Reply only with how many lines below contain "Side".
=== Extracted material ===
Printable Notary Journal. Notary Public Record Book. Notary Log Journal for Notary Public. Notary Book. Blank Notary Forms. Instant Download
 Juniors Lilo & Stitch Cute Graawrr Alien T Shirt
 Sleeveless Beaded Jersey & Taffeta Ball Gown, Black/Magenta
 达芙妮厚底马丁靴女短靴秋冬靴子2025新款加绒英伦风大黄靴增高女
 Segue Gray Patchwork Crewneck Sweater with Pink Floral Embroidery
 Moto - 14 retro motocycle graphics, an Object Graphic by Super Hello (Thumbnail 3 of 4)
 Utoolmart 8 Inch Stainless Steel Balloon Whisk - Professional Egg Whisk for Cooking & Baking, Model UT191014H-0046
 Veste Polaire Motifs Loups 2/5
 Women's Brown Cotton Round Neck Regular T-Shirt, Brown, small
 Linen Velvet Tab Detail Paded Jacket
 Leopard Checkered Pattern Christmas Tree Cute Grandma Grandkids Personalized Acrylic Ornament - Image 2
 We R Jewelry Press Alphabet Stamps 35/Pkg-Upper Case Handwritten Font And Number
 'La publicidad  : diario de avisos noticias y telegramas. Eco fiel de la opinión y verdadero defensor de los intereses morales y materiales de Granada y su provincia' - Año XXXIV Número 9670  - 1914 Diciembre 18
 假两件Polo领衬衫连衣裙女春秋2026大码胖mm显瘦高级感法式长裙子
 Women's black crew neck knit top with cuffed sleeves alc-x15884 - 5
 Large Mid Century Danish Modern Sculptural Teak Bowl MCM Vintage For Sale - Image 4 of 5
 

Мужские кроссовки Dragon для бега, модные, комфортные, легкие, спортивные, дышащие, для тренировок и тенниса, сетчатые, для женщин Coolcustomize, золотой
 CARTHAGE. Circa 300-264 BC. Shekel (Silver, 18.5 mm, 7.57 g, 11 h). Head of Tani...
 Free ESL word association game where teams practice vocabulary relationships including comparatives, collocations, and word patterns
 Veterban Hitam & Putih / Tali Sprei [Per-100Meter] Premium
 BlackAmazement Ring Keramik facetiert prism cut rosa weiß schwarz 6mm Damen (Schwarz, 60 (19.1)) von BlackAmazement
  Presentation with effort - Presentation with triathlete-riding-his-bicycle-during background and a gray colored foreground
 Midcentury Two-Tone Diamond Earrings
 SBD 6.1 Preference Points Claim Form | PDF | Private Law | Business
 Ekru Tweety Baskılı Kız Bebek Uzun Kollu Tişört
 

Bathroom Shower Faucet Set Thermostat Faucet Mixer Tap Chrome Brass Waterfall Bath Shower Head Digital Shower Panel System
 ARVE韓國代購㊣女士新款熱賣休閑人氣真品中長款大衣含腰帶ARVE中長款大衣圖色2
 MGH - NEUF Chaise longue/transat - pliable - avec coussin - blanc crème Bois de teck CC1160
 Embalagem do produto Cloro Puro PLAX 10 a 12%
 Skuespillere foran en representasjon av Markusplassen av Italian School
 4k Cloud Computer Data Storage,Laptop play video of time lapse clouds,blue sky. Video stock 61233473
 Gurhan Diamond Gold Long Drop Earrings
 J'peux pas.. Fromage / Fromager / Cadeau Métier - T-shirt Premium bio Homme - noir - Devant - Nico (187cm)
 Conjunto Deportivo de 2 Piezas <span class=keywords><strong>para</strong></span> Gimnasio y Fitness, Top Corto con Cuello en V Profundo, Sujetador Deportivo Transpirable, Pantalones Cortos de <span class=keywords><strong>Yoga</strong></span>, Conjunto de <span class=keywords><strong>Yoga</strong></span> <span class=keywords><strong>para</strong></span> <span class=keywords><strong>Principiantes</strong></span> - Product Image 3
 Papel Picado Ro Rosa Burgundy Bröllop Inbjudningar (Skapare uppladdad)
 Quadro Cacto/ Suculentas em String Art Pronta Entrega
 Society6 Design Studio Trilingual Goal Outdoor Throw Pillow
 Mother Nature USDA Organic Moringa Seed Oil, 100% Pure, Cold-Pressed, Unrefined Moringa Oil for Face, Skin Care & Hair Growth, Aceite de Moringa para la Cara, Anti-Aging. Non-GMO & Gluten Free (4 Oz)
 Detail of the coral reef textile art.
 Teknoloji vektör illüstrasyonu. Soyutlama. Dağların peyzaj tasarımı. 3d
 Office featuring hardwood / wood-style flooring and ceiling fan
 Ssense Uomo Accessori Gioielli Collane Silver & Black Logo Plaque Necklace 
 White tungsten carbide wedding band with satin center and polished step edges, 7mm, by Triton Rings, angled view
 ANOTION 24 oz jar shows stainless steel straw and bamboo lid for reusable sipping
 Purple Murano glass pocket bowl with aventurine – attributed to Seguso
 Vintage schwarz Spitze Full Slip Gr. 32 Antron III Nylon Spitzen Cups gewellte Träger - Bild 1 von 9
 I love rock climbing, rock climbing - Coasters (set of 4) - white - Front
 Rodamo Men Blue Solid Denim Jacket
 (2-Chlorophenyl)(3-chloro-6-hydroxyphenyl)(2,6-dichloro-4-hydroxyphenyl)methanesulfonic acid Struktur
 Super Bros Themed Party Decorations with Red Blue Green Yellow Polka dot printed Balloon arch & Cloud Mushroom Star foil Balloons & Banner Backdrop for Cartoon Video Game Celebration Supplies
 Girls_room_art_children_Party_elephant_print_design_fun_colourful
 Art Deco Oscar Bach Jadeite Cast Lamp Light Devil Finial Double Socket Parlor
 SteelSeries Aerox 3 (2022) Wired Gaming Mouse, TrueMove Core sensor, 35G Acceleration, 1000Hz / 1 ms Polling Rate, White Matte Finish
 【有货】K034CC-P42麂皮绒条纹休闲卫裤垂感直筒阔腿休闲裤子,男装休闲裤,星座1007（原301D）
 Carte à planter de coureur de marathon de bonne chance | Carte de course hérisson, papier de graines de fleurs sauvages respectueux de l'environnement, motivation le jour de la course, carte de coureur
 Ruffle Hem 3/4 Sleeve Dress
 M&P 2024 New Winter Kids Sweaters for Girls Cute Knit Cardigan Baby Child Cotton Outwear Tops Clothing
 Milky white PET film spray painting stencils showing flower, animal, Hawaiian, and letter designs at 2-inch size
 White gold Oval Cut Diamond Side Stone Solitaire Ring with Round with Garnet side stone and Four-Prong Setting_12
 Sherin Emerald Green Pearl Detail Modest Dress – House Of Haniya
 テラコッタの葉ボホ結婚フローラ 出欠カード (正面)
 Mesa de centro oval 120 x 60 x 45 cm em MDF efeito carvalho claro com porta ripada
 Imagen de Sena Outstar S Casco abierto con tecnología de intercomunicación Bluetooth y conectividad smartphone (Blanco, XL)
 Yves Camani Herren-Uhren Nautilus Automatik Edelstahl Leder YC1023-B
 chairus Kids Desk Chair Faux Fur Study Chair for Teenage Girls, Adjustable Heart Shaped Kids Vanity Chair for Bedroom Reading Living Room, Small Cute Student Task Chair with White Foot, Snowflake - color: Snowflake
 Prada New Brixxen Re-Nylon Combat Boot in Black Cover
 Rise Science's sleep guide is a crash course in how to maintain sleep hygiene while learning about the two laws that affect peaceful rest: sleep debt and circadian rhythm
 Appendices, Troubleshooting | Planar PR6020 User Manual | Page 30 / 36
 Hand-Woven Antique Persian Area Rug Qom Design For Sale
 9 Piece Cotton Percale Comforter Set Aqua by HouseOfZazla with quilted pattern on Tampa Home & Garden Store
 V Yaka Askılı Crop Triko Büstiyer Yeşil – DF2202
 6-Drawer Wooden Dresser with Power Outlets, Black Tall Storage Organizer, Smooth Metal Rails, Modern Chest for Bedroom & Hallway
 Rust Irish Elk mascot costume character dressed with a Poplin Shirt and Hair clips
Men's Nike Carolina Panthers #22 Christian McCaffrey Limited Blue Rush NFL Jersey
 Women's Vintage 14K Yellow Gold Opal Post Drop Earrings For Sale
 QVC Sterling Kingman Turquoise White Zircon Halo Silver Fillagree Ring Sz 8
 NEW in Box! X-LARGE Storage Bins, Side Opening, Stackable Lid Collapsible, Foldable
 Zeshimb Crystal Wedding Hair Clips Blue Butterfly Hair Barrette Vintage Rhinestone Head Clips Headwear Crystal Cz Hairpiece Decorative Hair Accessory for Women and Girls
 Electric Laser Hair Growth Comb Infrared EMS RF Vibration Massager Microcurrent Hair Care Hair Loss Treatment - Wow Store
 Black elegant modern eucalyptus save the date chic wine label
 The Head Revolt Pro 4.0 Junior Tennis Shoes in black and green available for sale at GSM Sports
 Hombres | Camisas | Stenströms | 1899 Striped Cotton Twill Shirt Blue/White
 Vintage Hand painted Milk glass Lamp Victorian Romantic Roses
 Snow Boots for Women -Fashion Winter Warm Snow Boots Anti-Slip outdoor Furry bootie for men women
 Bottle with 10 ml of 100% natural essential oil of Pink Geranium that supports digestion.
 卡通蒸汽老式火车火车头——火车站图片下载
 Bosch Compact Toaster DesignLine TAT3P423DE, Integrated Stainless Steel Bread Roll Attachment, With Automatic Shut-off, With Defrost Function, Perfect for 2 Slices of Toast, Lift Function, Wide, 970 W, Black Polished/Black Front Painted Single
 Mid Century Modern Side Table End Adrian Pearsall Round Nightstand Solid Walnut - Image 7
===
Task answer.
3